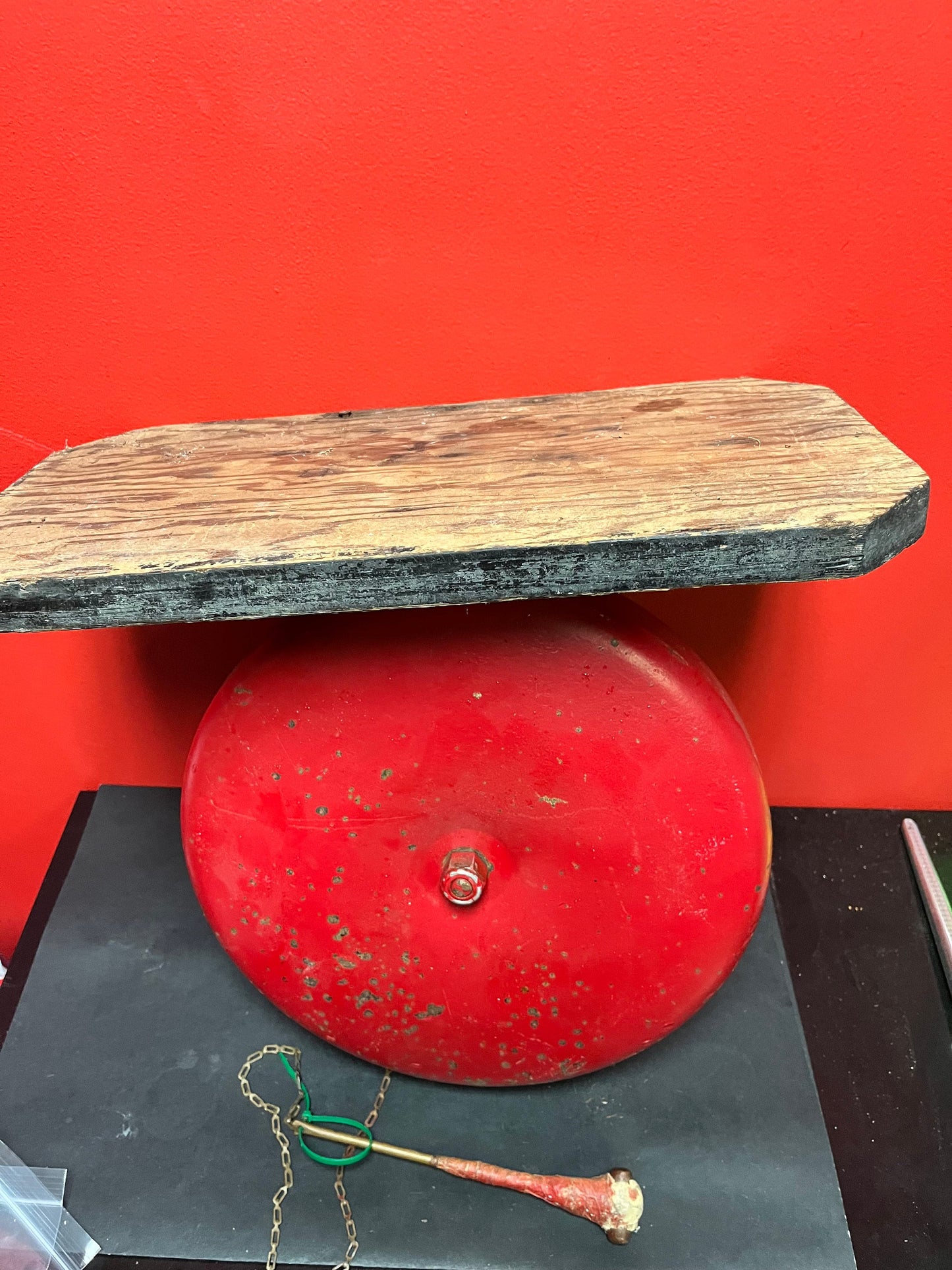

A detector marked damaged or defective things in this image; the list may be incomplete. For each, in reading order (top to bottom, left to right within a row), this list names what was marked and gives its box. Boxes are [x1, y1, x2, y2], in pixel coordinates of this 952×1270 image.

chipped black paint on wood [0, 378, 934, 632]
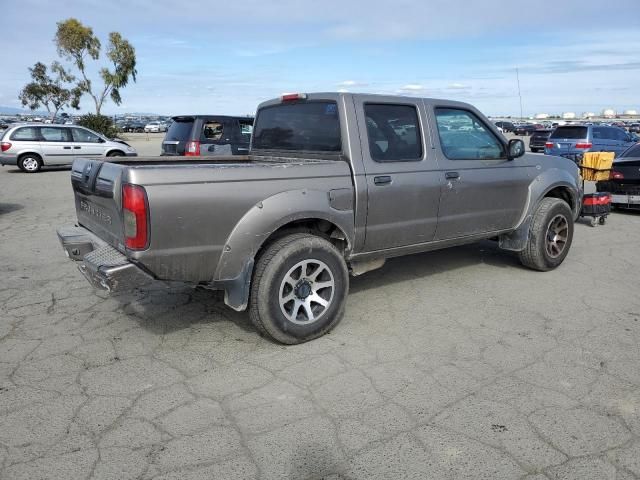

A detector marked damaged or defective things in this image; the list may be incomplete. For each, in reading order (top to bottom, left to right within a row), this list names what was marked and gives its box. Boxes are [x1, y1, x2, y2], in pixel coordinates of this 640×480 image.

cracked asphalt [1, 152, 640, 478]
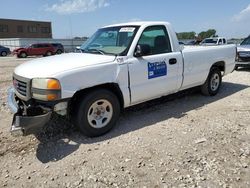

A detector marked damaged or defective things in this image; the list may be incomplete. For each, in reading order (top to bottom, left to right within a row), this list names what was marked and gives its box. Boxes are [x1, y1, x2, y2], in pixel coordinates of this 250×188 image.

damaged front bumper [7, 87, 51, 136]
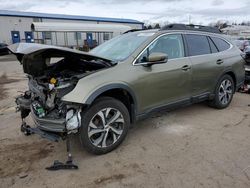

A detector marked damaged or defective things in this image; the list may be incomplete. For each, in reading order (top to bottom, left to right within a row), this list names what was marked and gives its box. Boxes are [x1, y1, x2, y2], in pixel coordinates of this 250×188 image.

dented hood [8, 42, 111, 62]
damaged subaru outback [9, 23, 244, 159]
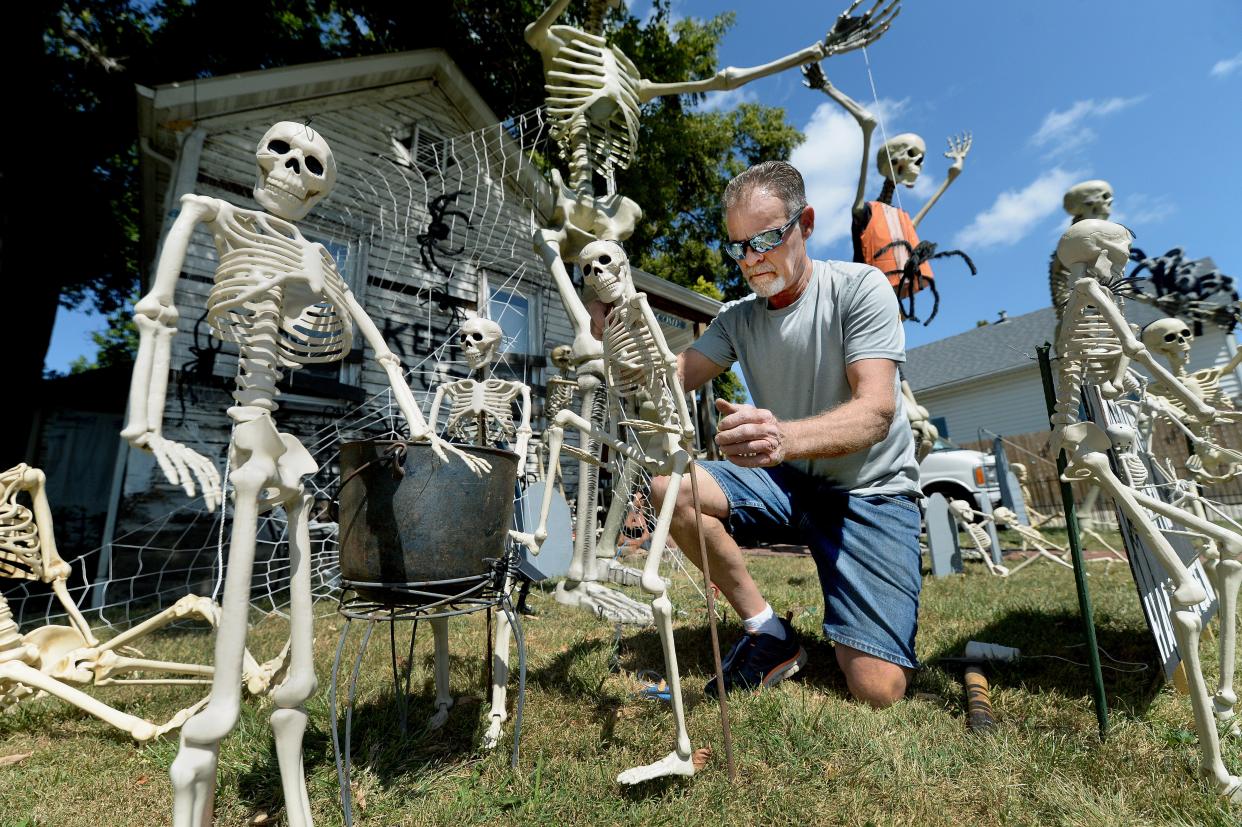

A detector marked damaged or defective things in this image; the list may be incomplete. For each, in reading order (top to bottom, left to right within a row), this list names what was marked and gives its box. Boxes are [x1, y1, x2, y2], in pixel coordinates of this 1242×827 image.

rusty metal bucket [337, 437, 516, 605]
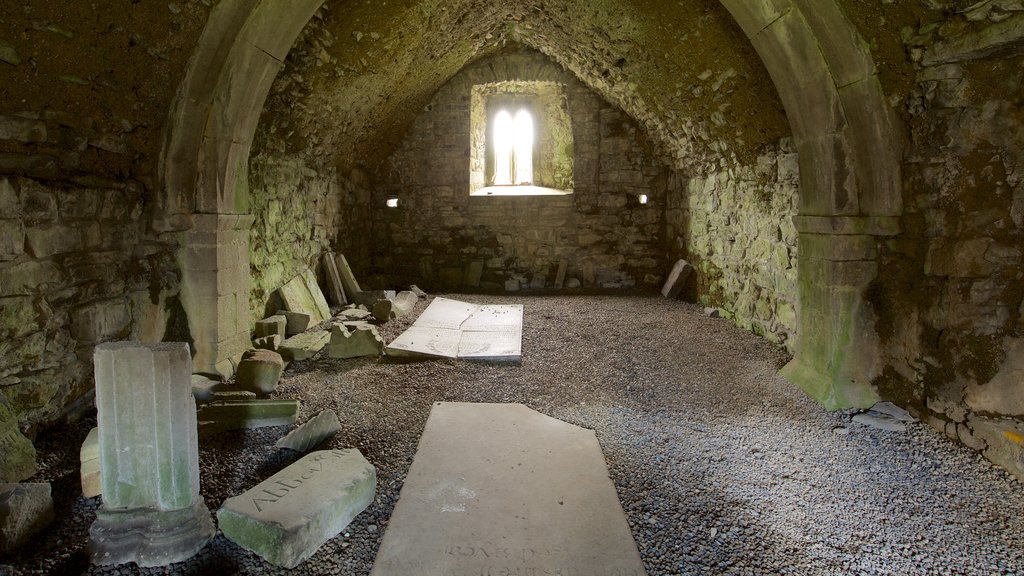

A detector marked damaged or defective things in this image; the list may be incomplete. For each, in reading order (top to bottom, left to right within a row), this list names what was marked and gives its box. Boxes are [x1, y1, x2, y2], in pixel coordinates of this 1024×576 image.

broken gravestone [664, 258, 696, 300]
broken gravestone [278, 328, 330, 360]
broken gravestone [330, 326, 386, 358]
broken gravestone [235, 346, 284, 396]
broken gravestone [81, 426, 101, 498]
broken gravestone [90, 342, 214, 568]
broken gravestone [274, 410, 342, 454]
broken gravestone [0, 482, 52, 552]
broken gravestone [217, 450, 376, 568]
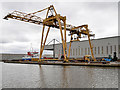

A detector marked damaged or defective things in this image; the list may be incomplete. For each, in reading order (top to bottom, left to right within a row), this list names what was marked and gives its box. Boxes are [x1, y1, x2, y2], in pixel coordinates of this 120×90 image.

rusty steel structure [3, 4, 95, 62]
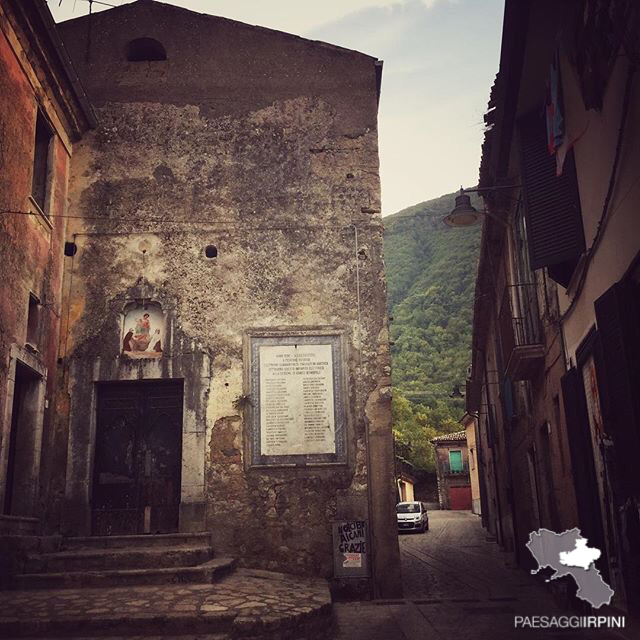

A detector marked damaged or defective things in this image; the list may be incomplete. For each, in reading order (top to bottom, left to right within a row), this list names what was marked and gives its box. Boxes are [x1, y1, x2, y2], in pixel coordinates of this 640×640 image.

peeling plaster wall [58, 2, 400, 596]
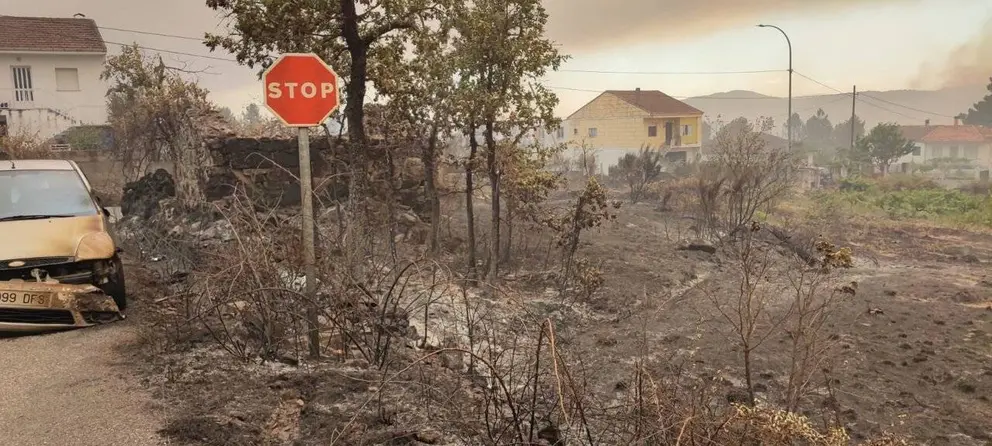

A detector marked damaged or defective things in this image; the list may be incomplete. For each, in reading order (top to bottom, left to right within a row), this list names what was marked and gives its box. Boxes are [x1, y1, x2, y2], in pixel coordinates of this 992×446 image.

damaged car [0, 158, 128, 332]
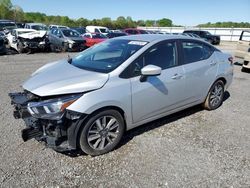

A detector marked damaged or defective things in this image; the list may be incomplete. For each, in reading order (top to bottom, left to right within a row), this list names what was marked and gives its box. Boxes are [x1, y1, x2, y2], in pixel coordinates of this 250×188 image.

damaged front end [8, 91, 86, 153]
damaged bumper [8, 92, 86, 152]
broken headlight [27, 94, 82, 119]
crumpled hood [23, 59, 109, 97]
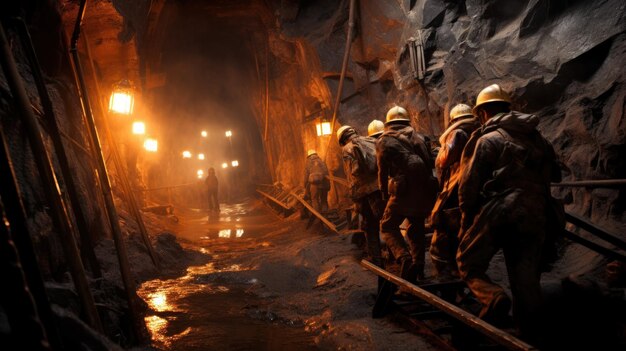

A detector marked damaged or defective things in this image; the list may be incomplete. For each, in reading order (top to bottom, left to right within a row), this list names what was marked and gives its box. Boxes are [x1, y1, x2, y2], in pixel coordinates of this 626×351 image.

rusty metal rod [0, 124, 62, 350]
rusty metal rod [0, 22, 102, 332]
rusty metal rod [11, 16, 101, 280]
rusty metal rod [69, 0, 144, 340]
rusty metal rod [81, 33, 158, 268]
rusty metal rod [360, 260, 536, 351]
rusty metal rod [564, 212, 624, 253]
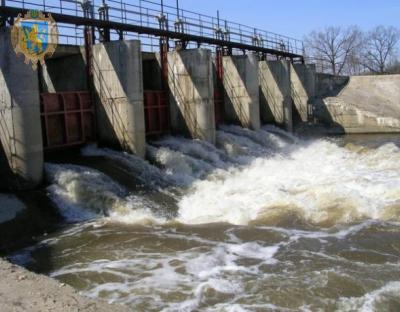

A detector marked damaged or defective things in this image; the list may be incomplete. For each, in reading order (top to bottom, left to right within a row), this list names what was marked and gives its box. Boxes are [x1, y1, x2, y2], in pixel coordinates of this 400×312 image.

rusty red gate [40, 91, 96, 149]
rusty red gate [144, 89, 169, 137]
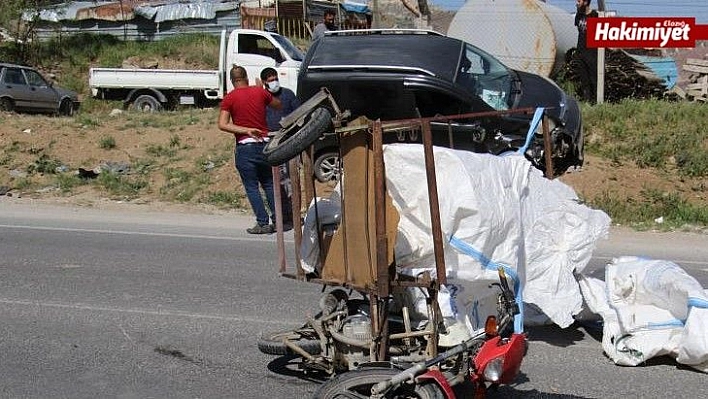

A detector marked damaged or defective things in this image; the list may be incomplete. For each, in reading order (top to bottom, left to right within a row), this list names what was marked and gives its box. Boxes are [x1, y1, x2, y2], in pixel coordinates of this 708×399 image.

overturned motorcycle [256, 89, 532, 398]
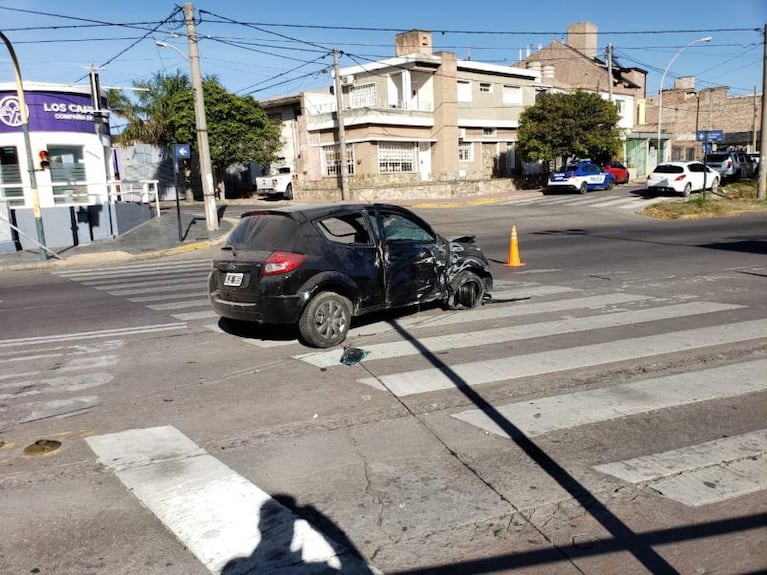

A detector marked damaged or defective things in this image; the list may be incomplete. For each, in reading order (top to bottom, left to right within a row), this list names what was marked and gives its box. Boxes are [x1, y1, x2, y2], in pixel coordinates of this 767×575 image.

damaged black car [210, 205, 496, 348]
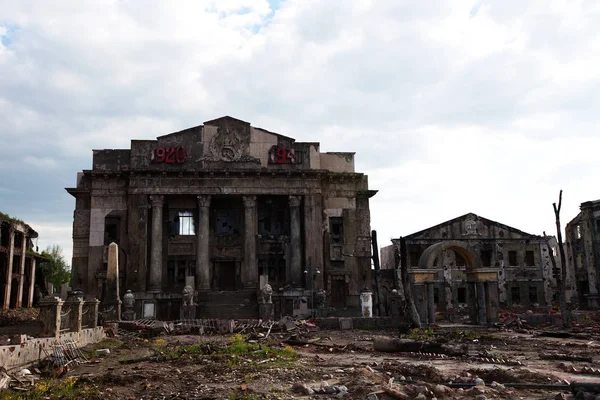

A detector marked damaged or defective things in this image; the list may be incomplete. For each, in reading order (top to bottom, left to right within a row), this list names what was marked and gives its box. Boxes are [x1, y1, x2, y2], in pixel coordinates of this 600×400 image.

damaged facade [0, 214, 38, 310]
charred window frame [168, 209, 196, 234]
damaged facade [65, 115, 376, 318]
damaged facade [382, 214, 560, 324]
damaged facade [564, 198, 596, 308]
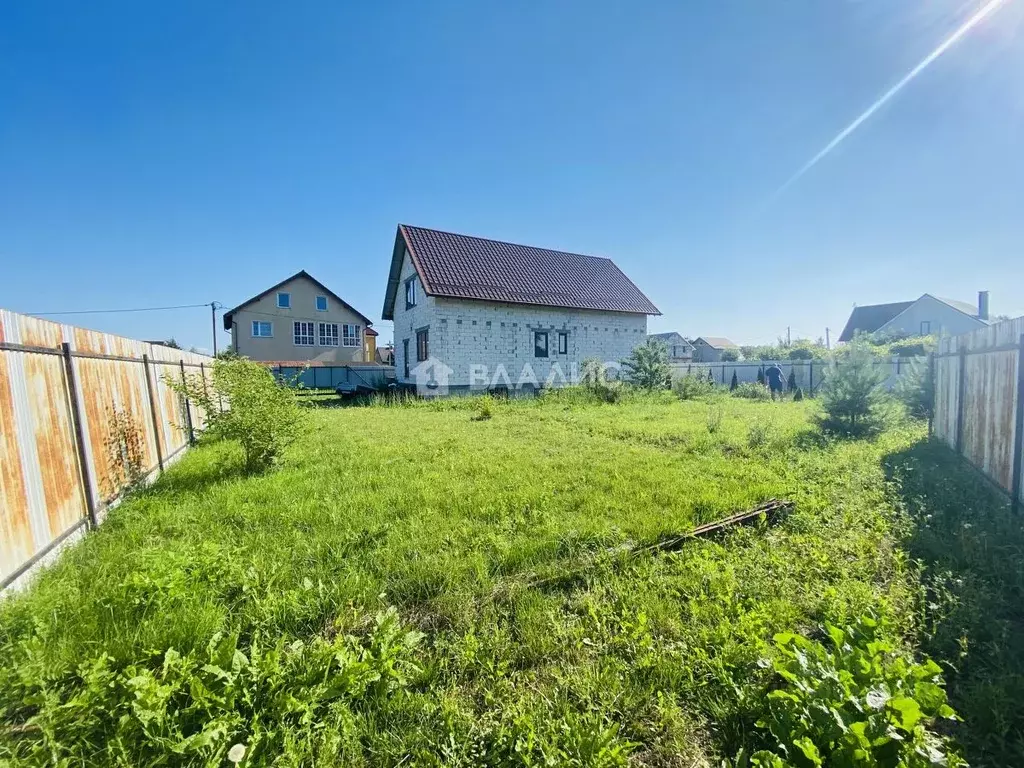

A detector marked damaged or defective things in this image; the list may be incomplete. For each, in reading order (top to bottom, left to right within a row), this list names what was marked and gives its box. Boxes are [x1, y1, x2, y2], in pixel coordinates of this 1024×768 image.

rusty corrugated metal fence [0, 309, 214, 593]
rusted metal rail on ground [524, 499, 794, 593]
rusty corrugated metal fence [933, 315, 1024, 514]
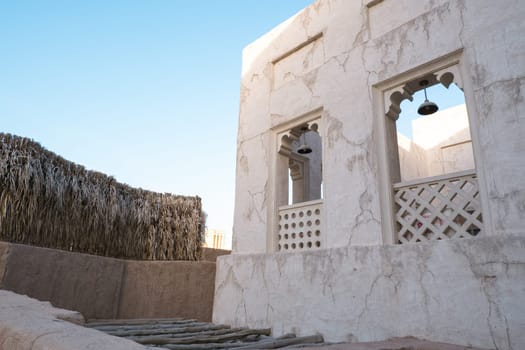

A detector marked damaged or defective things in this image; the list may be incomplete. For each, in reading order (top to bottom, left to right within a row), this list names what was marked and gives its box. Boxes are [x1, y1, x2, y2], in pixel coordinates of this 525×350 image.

cracked plaster wall [231, 0, 524, 252]
cracked plaster wall [213, 234, 524, 348]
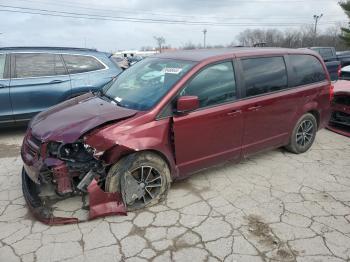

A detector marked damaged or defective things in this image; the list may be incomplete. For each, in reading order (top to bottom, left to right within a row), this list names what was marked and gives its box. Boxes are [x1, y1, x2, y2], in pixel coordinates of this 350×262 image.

crushed front end [20, 130, 127, 224]
broken headlight [57, 141, 95, 162]
crumpled hood [30, 93, 137, 143]
bent wheel [104, 151, 172, 211]
damaged red minivan [20, 48, 332, 224]
bent wheel [288, 112, 318, 154]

**WHAT TO DO**
Leaving out all pictures, retype exactly the lines that run from the one containing "this 525×350 image." through the last line of the material.

**SOLUTION FOR THIS PROBLEM**
A detector marked damaged or defective things in this image; the list may be incomplete. For each, in reading order (top to bottom, left to right within a row), this list names what was marked and gives its box. Boxes are [x1, y1, x2, y2], in pixel coordinates of this 525×350 image.

cracked plaster wall [231, 0, 524, 252]
cracked plaster wall [213, 234, 524, 348]

A detector marked damaged or defective things in this image; the list may be incomplete. For each, in reading order (top to bottom, left to right within a row), this list names what was marked and gives its box. Boxes are [x1, y1, x2, y2], in pixel coordinates of this 350×262 image.

crushed front end [20, 130, 127, 224]
broken headlight [57, 141, 95, 162]
crumpled hood [30, 93, 137, 143]
bent wheel [104, 151, 172, 211]
damaged red minivan [20, 48, 332, 224]
bent wheel [288, 112, 318, 154]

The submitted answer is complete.